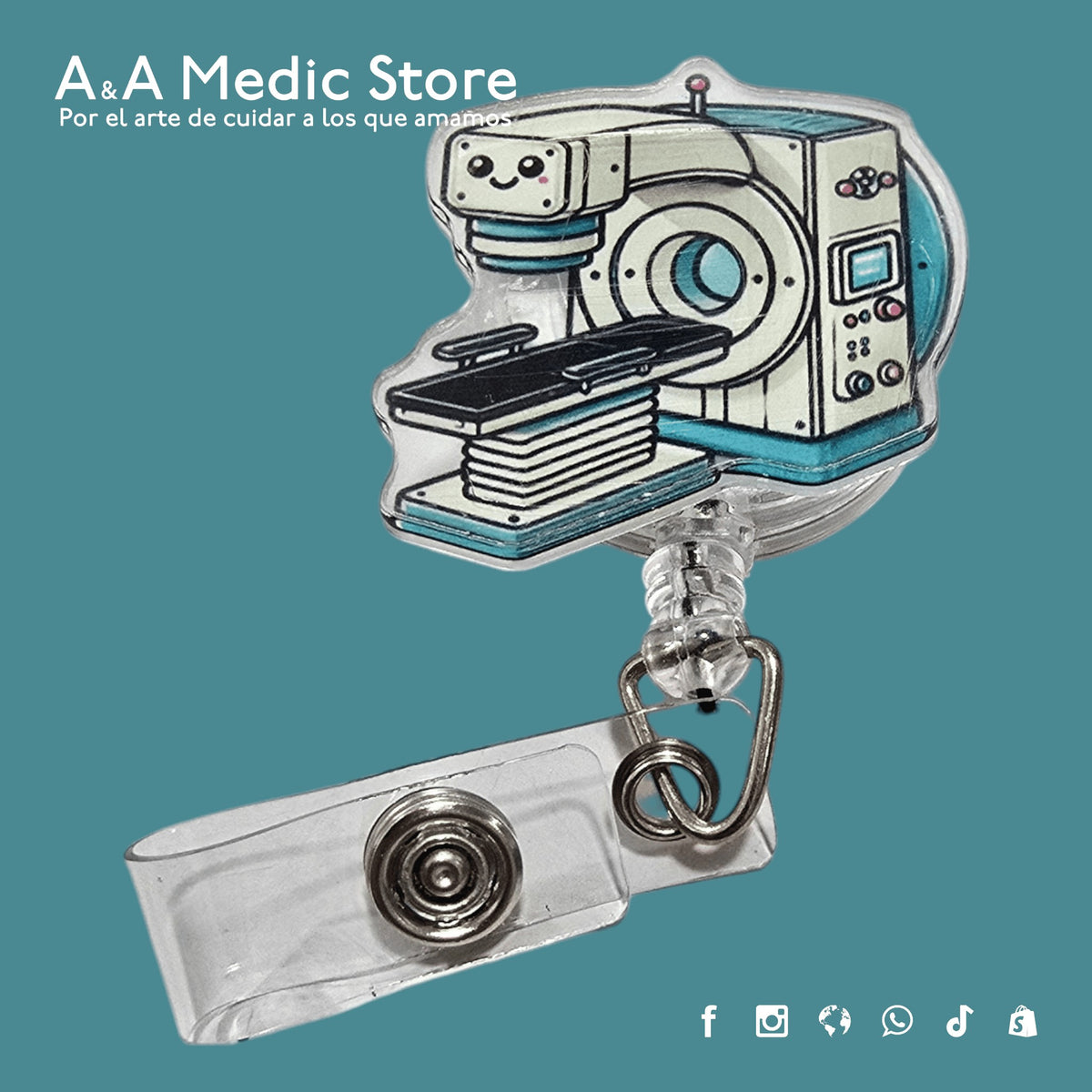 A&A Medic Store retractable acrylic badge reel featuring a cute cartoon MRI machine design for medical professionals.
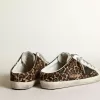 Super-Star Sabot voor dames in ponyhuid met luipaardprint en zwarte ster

--

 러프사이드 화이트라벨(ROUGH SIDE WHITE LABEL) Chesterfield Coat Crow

TASK INSTRUCTIONS
The material above holds pictures; leave them out and set down exactly the lines from the line with "A&A Medic Store" to the line with "Super-Star Sabot voor", both included.

WRITTEN RESPONSE
 A&A Medic Store retractable acrylic badge reel featuring a cute cartoon MRI machine design for medical professionals.
 Super-Star Sabot voor dames in ponyhuid met luipaardprint en zwarte ster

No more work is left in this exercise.